The Models feature in CML is used top deploy a machine learning model into production for real-time prediction. To deploy the model that was trained in the previous step, navigate to the project page, then click Models > New Model and create a new model with the following details:
- Name: Churn Model API Endpoint
- Description: Explain customer churn prediction
- File: 5_model_serve_explainer.py
- Function: explain
- Input:
{
"StreamingTV": "No",
"MonthlyCharges": 70.35,
"PhoneService": "No",
"PaperlessBilling": "No",
"Partner": "No",
"OnlineBackup": "No",
"gender": "Female",
"Contract": "Month-to-month",
"TotalCharges": 1397.475,
"StreamingMovies": "No",
"DeviceProtection": "No",
"PaymentMethod": "Bank transfer (automatic)",
"tenure": 29,
"Dependents": "No",
"OnlineSecurity": "No",
"MultipleLines": "No",
"InternetService": "DSL",
"SeniorCitizen": "No",
"TechSupport": "No"
}
- Kernel: Python 3
- Engine Profile: 1vCPU / 2 GiB Memory
Leave the rest unchanged. Click Deploy Model and the model will go through the build process and deploy a REST endpoint. Once the model is deployed, you can test it is working from the model Model Overview page.
Note: Once the model is deployed, you must disable the additional model authentication feature. In the model settings page, untick Enable Authentication.
The next step is to deploy the Flask application. The Applications feature is still quite new for CML. For this project it is used to deploy a web based application that interacts with the underlying model created in the previous step.
Note: In the deployed model from Step 5, go to Model > Settings and make a note (i.e. copy) the "Access Key". It will look something like this (ie. mukd9sit7tacnfq2phhn3whc4unq1f38)
From the project level, click on "Open Workbench" (note you don't actually have to Launch a session) in order to edit a file. Select the flask/single_view.html file and paste the Access Key in at line 19.
const accessKey = <your_access_key_here>;
Save the file (if it has not auto saved already) and go back to the Project. Go to the Applications section and select "New Application" with the following details
- Name: Churn Analysis App
- Subdomain: churn-app (note: this needs to be unique, so if you've done this before, pick a more random subdomain name)

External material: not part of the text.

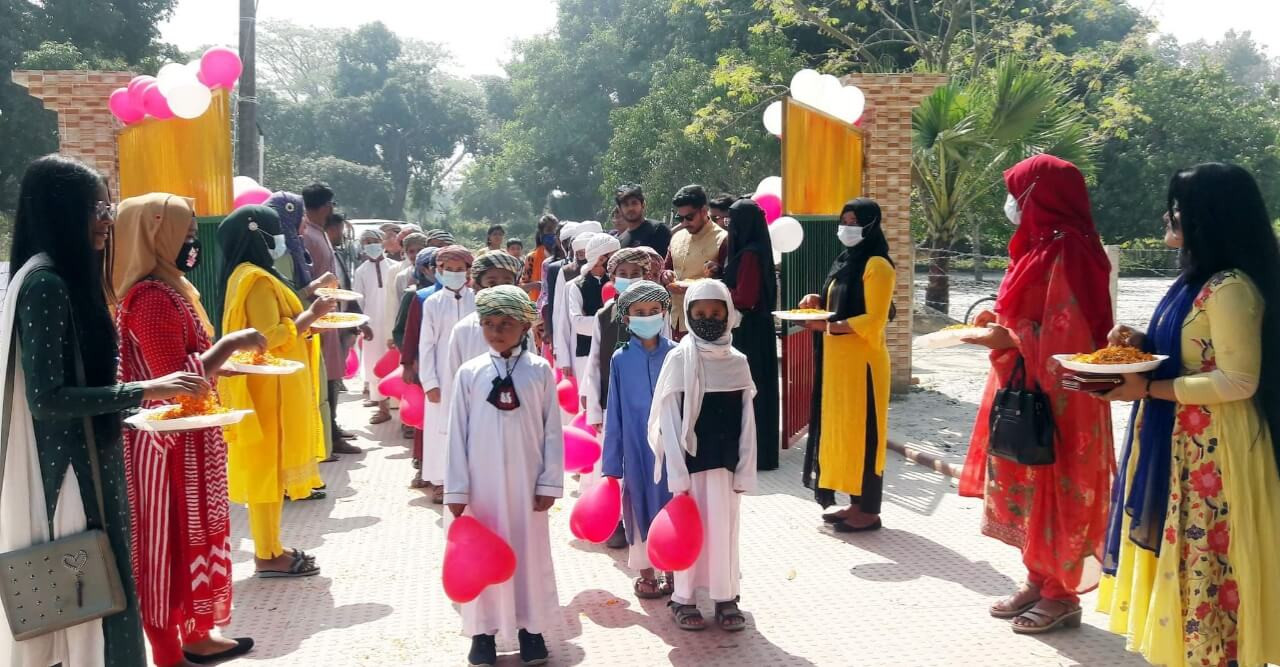 ভালোবাসা দিবসে ব্যতিক্রমী আনন্দ-উৎসবে মেতে উঠল সুবিধাবঞ্চিত শিশুরা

- Script: 6_application.py
- Kernel: Python 3
- Engine Profile: 1vCPU / 2 GiB Memory
After the application deploys, click on the blue-arrow next to the name. The initial view is a table of randomly selected records from the dataset. This shows a global view of which features are most important for the predictor model. The red shows increased importance for predicting a customer will churn and the blue for customers that will not churn.
Clicking on any single row will show a "local" interpreted model for that particular data point instance. Here you can see how adjusting any one of the features will change the instance's churn prediction.

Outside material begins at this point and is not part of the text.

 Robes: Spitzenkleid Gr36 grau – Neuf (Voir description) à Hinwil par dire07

Changing the InternetService to DSL lowers the probability of churn. This does not mean that changing the Internet Service to DSL cause the probability to go down, this is just what the model would predict for a customer with those data points.

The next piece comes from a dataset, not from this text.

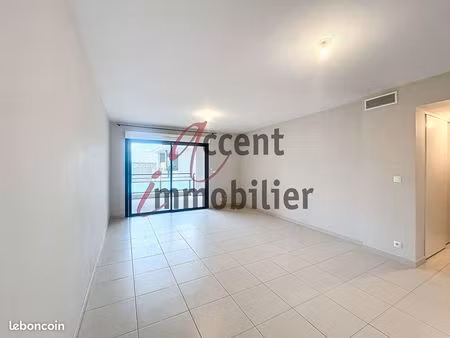 appartement 2 pièces 52 m²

The final step is the model operations which consists of Model Metrics and Model Governance.
Model Governance is setup in the 0_bootstrap.py
script, which writes out the lineage.yml
file at the start of the project to provide an integration point with Apache Atlas. For Model Metrics, open a workbench session (1 vCPU / 2 GiB) and open the 7a_ml_ops_simulation.py
file. You need to set the model_id
number from the model created in step 5 on line 113. The model number is also located on the model's main page:
model_id = "95"
From there, run the file. This goes through a process of simulating a model that drifts over over 1000 calls to the model. The file contains comments with details of how this is done.
In the this step, you can interact and display the model metrics. Open a workbench session (1 vCPU / 2 GiB). Then open and run the 7b_ml_ops_visual.py
file. Again you will need to set the model_id
number from the model created in step 5 on line 53. The model number is on the model's main page.